PART II -- EDUCATION
MAP will develop a strategy to, simply put, create a “buzz” for investment in the microfinance sector. This will include the placement of speakers at industry events attended by the target audience, placement of articles in industry publications read by the target audience, arranging meetings with MFI founders and executives, including representatives of pension funds, endowments and other institutional investors in microfinance sector events and task forces and other efforts to create a perception that microfinance should be viewed as a mainstream investment opportunity.

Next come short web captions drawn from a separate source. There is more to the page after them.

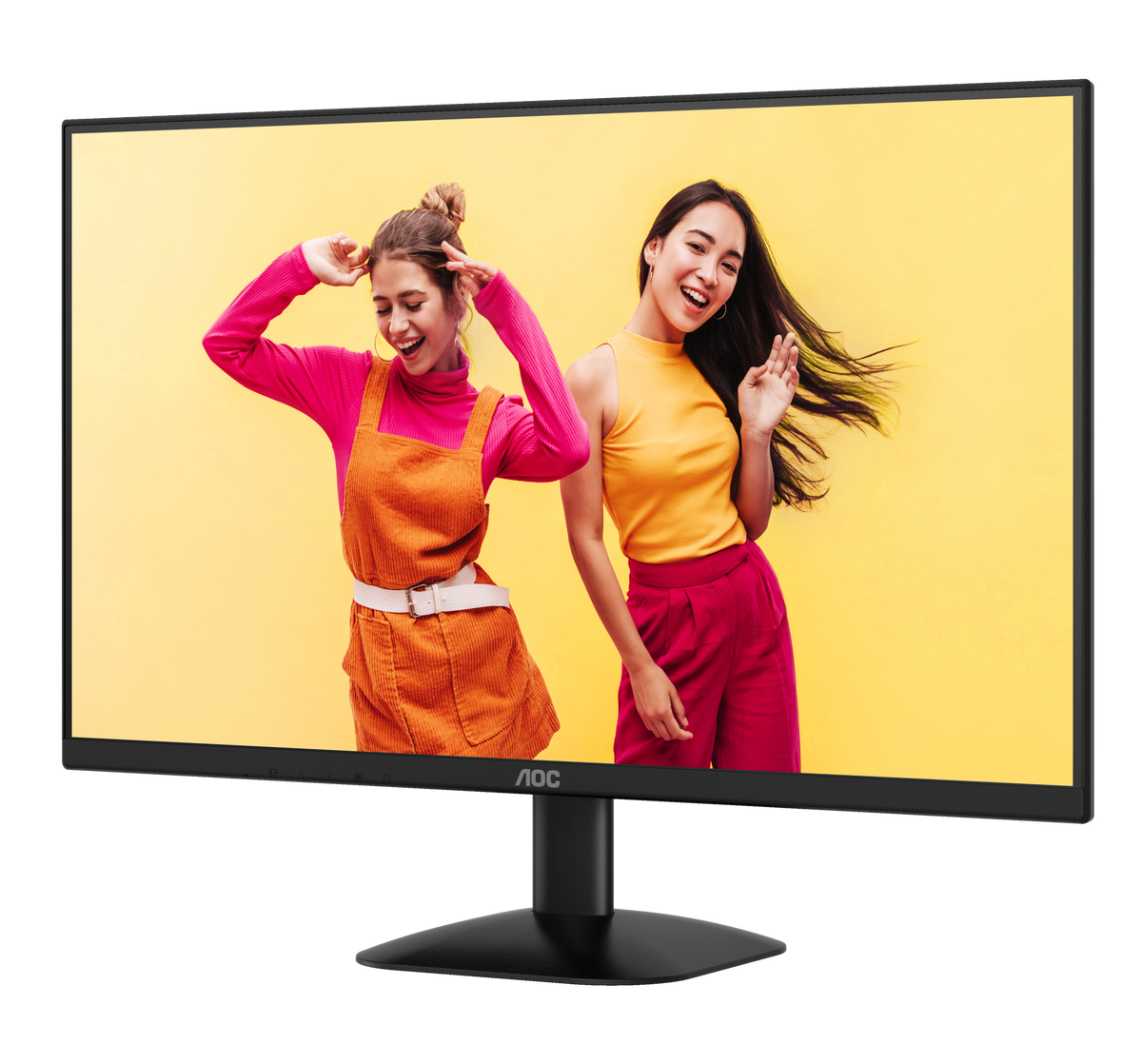 Écran PC 24" AOC Basic B3 24B35HM2 - Full HD 1080p 100Hz - HDMI/VGA - Noir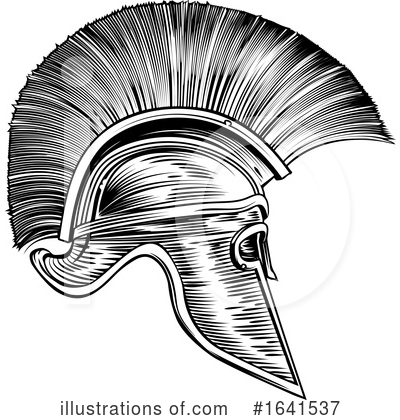 Spartan Helmet Clipart #1641537 by AtStockIllustration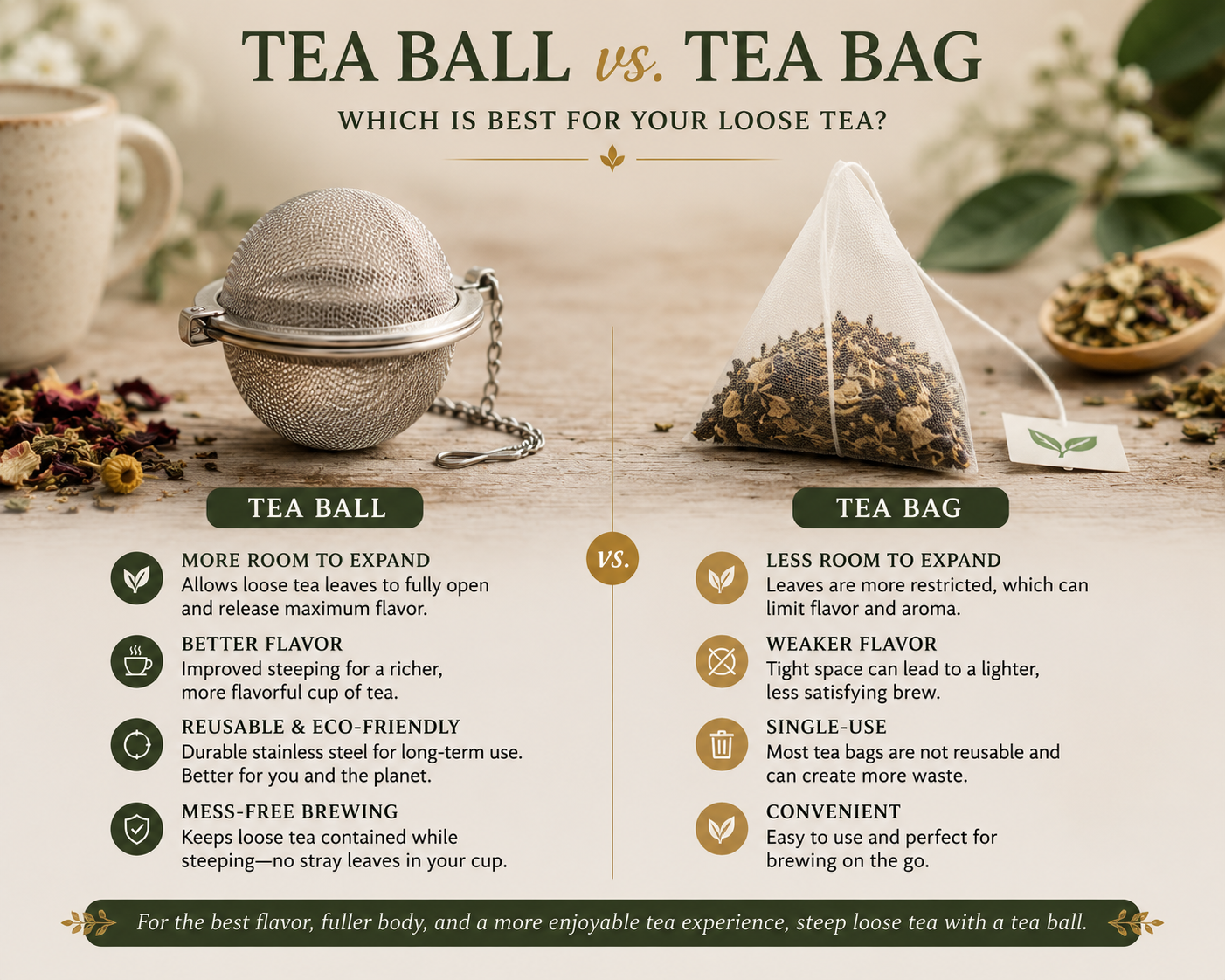 2" Infusion Ball | Stainless Steel | Tea Strainer
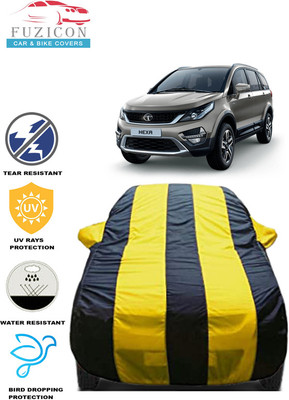 FUZICON Car Cover For Tata Hexa XT 4X4 Diesel(Yellow, Blue)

This effort has to be undertaken systematically and with a great deal of care. It will include mobilizing all of the resources available in the sector to present research data and prospective projects as transparently as possible.
PART III – PRODUCT DESIGN
The knowledge gained from Parts I and II of MAP will be utilized in a collaborative effort to attempt to design MIV investment products that meet the investment needs of pension funds, endowments and other institutional investors. Like Parts I and II, it will require responsiveness, creativity, innovation and outside-the-box thinking.
YES WE CAN
Those involved in the microfinance sector are creative, innovative, capable, passionate and collaborative. If we do not work together in this effort, we will be doomed to keep following the scatter-shot approach that has existed over the last ten years. The systematic approach outlined here will make us better able to get US dollars to fund loans to the next 100,000,000 borrowers, to assist MFIs in improving the lives of those at the base of the pyramid.